Nous commençons le cheminement du carême. Il s’ouvre par les paroles du prophète Joël, qui indiquent la direction à suivre. C’est une invitation qui naît du cœur de Dieu qui, avec les bras grands ouverts et les yeux pleins de nostalgie nous supplie: «Revenez à moi de tout votre cœur» (Jl 2, 12). Revenez à moi. Le carême est un voyage de retour à Dieu. Que de fois, affairés ou indifférents, lui avons-nous dit: «Seigneur, je viendrai vers toi après, attends... Aujourd’hui je ne peux pas, mais demain je commencerai à prier et à faire quelque chose pour les autres». Et ainsi un jour après l’autre. Maintenant Dieu fait appel à notre cœur. Dans la vie nous aurons toujours des choses à faire et nous aurons des excuses à présenter, mais, frères et sœurs, aujourd’hui c’est le temps de revenir à Dieu.
Revenez à moi, dit-il, de tout votre cœur. Le carême est un voyage qui implique toute notre vie, tout notre être. C’est le temps pour vérifier les chemins que nous sommes en train de parcourir, pour retrouver la voie qui nous ramène à la maison, pour redécouvrir le lien fondamental avec Dieu, de qui dépend toute chose. Le carême n’est pas une collecte de bonnes actions, c’est discerner vers où est orienté notre cœur. Cela est le centre du carême: vers où est orienté mon cœur? Essayons de nous demander: où me mène le navigateur de ma vie, vers Dieu ou vers mon moi? Est-ce que je vis pour plaire au Seigneur, ou pour être remarqué, loué, préféré, à la première place et ainsi de suite? Ai-je un cœur «qui danse», qui fait un pas en avant et un pas en arrière, qui aime un peu le Seigneur et un peu le monde, ou bien un cœur ferme en Dieu? Suis-je bien avec mes hypocrisies, ou est-ce que je lutte pour libérer mon cœur des duplicités et des faussetés qui l’enchaînent?
Le voyage du carême est un exode, un exode de l’esclavage à la liberté. Ce sont quarante jours qui rappellent les quarante années durant lesquelles le peuple de Dieu a voyagé dans le désert pour retourner à sa terre d’origine. Mais comme il a été difficile de quitter l’Egypte! Il a été plus difficile de quitter l’Egypte de cœur du peuple de Dieu, cette Egypte qu’ils portaient toujours en eux, que de quitter la terre d’Egypte... Il est très difficile de laisser l’Egypte. Durant la marche, il y avait toujours la tentation de regretter les oignons, de revenir en arrière, de se lier aux souvenirs du passé, à quelque idole. Pour nous aussi, il en est ainsi: le voyage de retour à Dieu est entravé par nos attachements malsains, il est retenu par les liens séduisants des vices, par les fausses sécurités de l’argent et du paraître, par la lamentation d’être victime, qui paralyse. Pour marcher, il faut démasquer ces illusions.
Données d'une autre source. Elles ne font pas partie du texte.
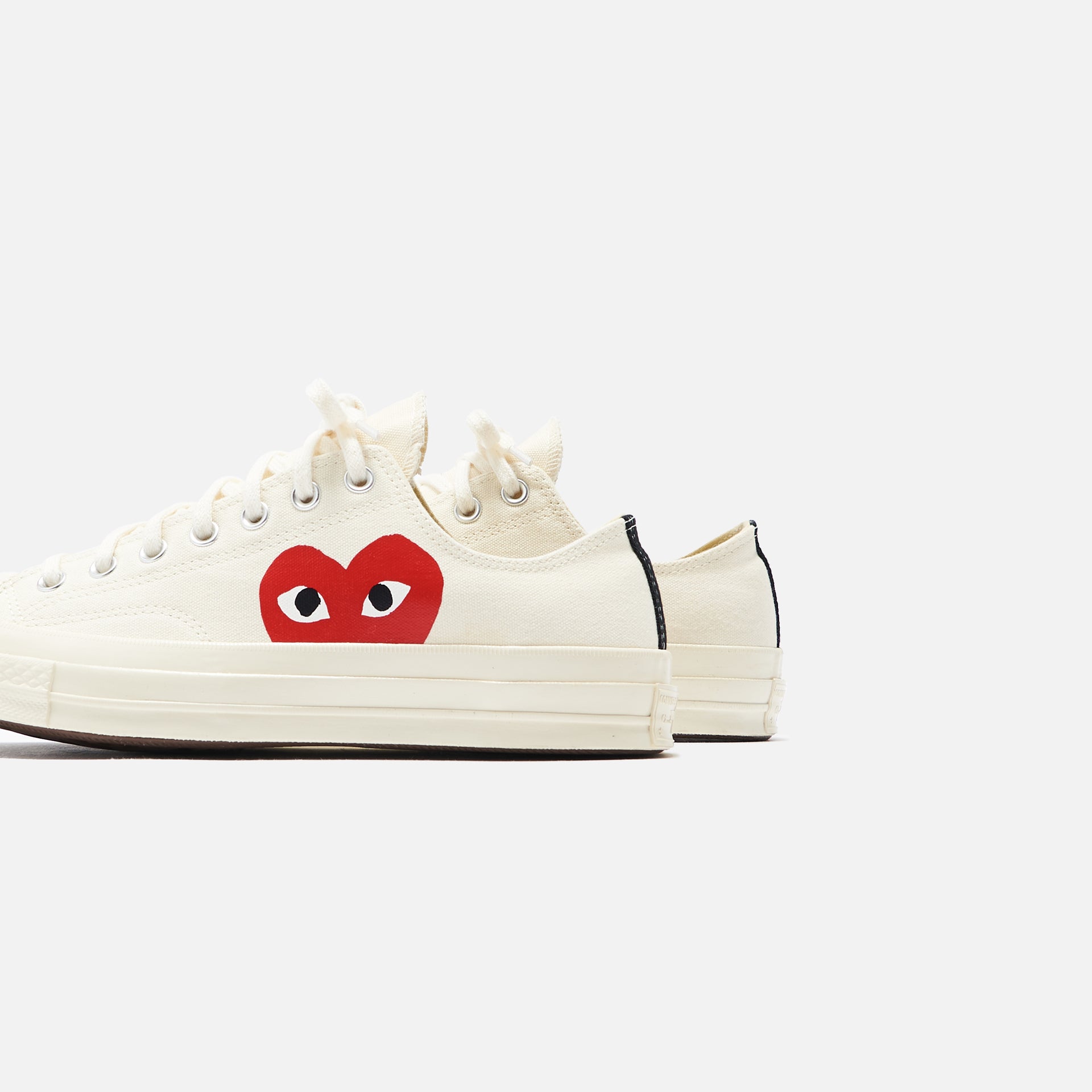 Converse x Comme des Garçons CDG Play Chuck Taylor Low - Beige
Mais demandons-nous: comment alors procéder dans le cheminement vers Dieu? Les voyages de retour, que nous raconte la Parole de Dieu, nous viennent en aide.
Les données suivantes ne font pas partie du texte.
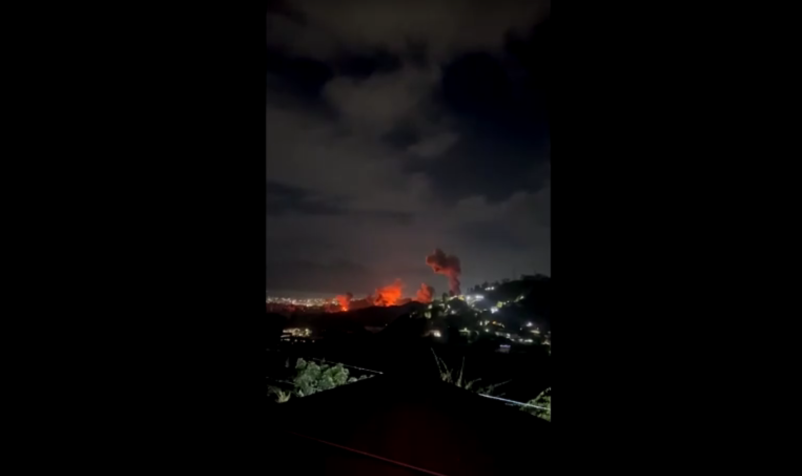 Explosões e colunas de fumaça avistadas em Caracas, capital da Venezuela • Reuters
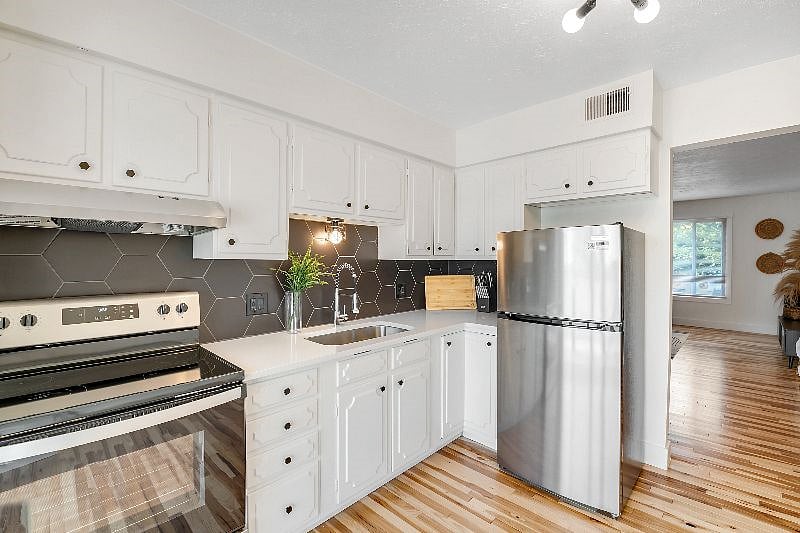 Furnished Finder property 532381_1 photo 23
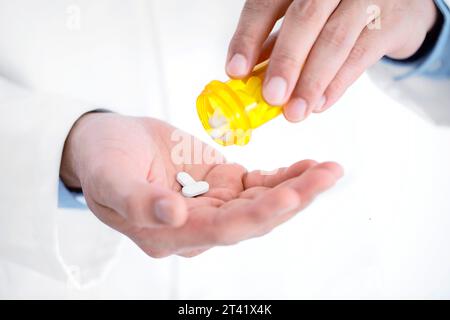Médecin dispensant des médicaments Banque D'Images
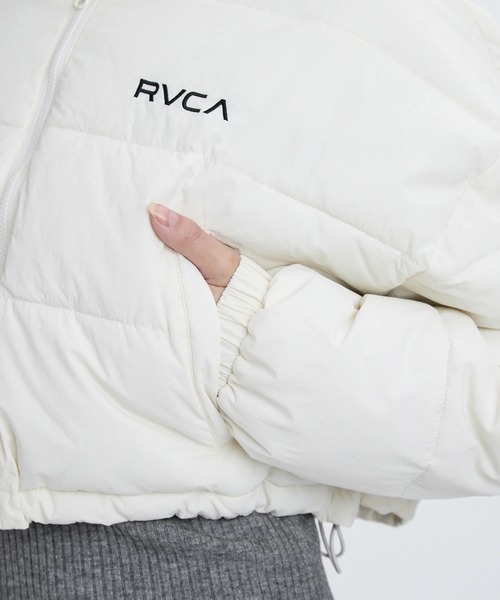 RVCA(ルーカ)の「RVCA レディース MINI RVCA CROPPED PUFFER JACKET ジャケット 【2025年秋冬モデル】/ルーカクロップドエコダウンジャケット(ブルゾン・レディース・ホワイト系その他/ブラック/エメラルド・MEDIUM/SMALL)」の14枚目の写真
Regardons le fils prodigue et comprenons qu’il est temps pour nous aussi de revenir vers le Père. Comme ce fils, nous avons, nous aussi oublié le parfum de la maison, nous avons dilapidé des biens précieux pour des choses de moindre valeur et nous sommes restés les mains vides et le cœur mécontent. Nous sommes tombés: nous sommes des enfants qui tombent continuellement, nous sommes comme des petits enfants qui essayent de marcher mais tombent par terre, et qui ont besoin d’être relevés à chaque fois par leur père. C’est le pardon du Père qui nous remet toujours debout: le pardon de Dieu, la confession, est le premier pas de notre voyage de retour. J’ai dit la Confession, je recommande aux confesseurs : soyez comme le père, non avec le fouet, avec l’accolade.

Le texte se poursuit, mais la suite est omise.